音楽と,少しの食べ物と,本さえあれば,ずっと生きていける.そう26歳の時に本気で考えていて,ツイートもしていた.その暮らしは実現し,YouTubeで素晴らしい演奏を無料で聴けるし,近所のスーパーで食材を安く調達し,書斎の蔵書には満足している.26歳の時と違って一定の収入が入るので,必然,毎月お金が余る.そこで募金や献金を収入の2割している.若い時の夢は実現した.それも,ことごとく.
新卒で正社員になったが,貧しい生活に興味があった.自分がそんな生活になることも望んでいた.退職するのには時間はかからなかった.初のボーナスをもらう前に退職し,アルバイトの生活になった.好きなことを極めたいと思っていて,数理科学の研究を進めた.すごく充実していた.しかし,悩みは深かった.クリスチャンの妻と出会い,教会へ通うようになり,出会って1年後に結婚することになった.
結婚しても3年間くらい,アルバイトで暮らした.すごく幸せだった.それは結婚したからかも知れないし,貧しい生活をしてみたいという願いが最高の形で実現したからかも知れない.住みたかった街に住むことが叶ったこともあるし,好きな人と暮らせることもある.貧しい暮らしだから幸せだ,とは言えない.けれども,多く稼ぐ人生に少しも憧れなかった,そんな境遇で済んでいることは,恵まれていると思う.

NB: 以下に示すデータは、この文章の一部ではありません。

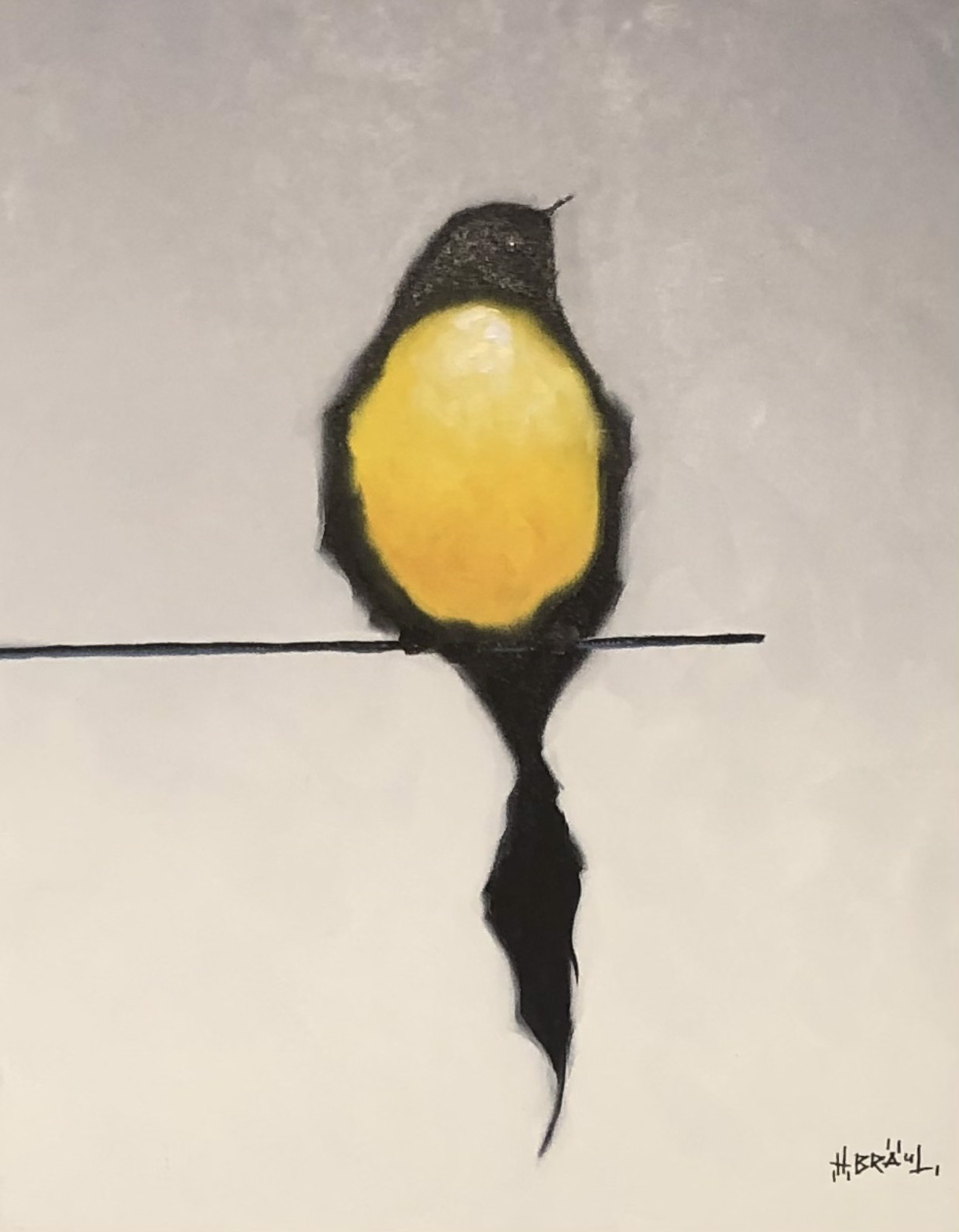 Yellow Bird by Harold Braul
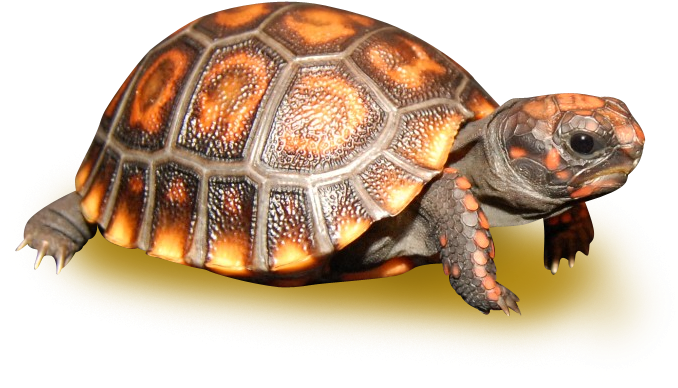 Tortoise Turtle Transparent File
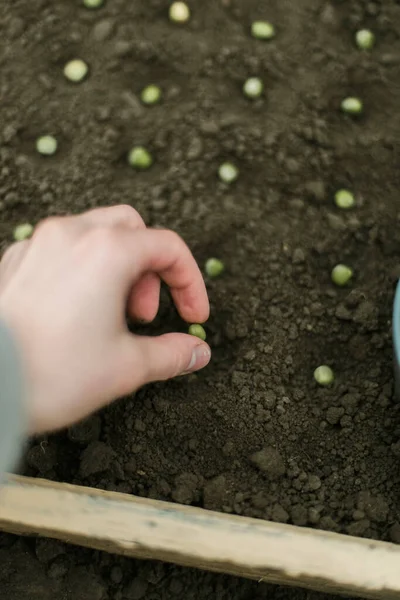 Gardener Sowing Peas Seeds Vegetable Bed Preparing New Garden Season —  Fotos de Stock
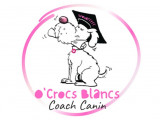 O'Crocs Blancs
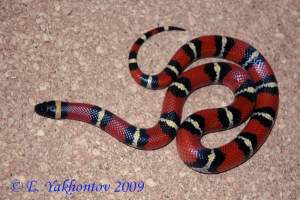 Молочная змея кольчатая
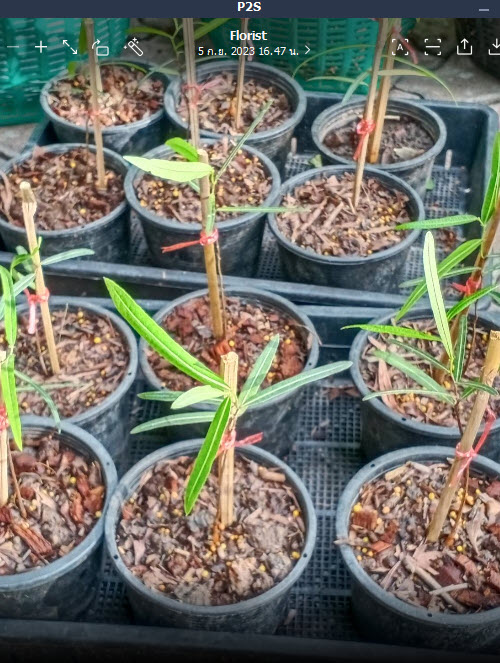 ต้นขวด bottle tree / Brachychiton Rupestris เพาะเมล็ด สูง 10-30 ซ.ม. กระถาง 6 นิ้ว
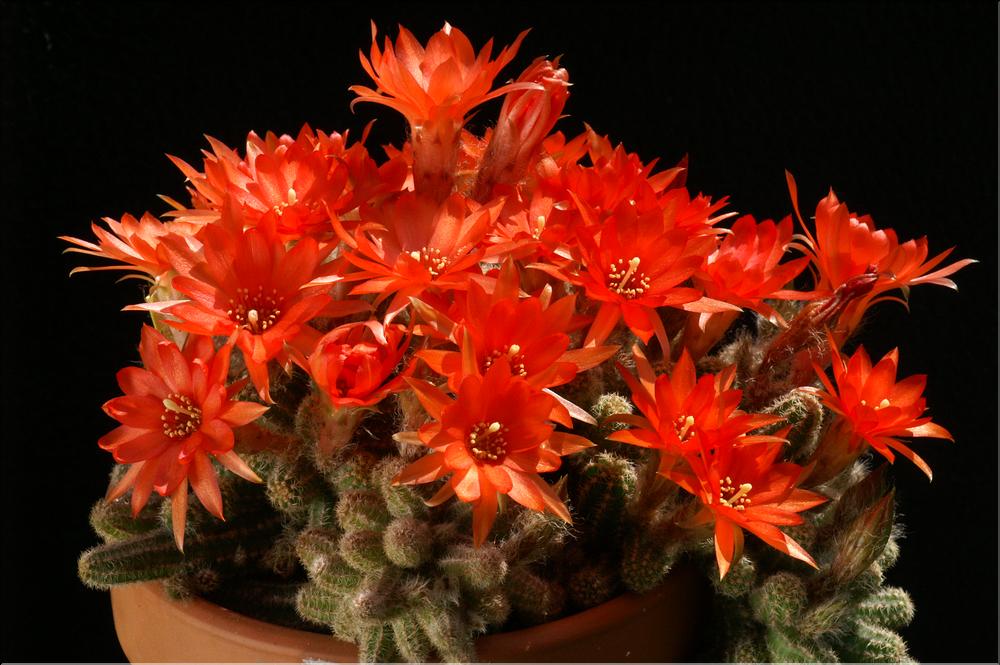 Echinopsis chamaecereus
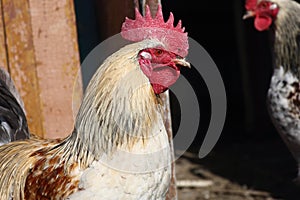 Close up portrait of a rooster on poultry yard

26歳の時に望んだ貧しい暮らしとは,お金をあまり使わなくて済む生活のことだ.本当に貧しい人生を望んではいなかっただろうと思う.今お金にこだわらない生活を実現できている.収入は多くないが,支出はそれ以上に少なく済んでいる.仕事は大変でない.今のこの暮らしは,まさに自分の望んでいた人生,望んでいた以上の人生だと思える.これは自分の力で実現したことではない,神に感謝を祈るばかりだ.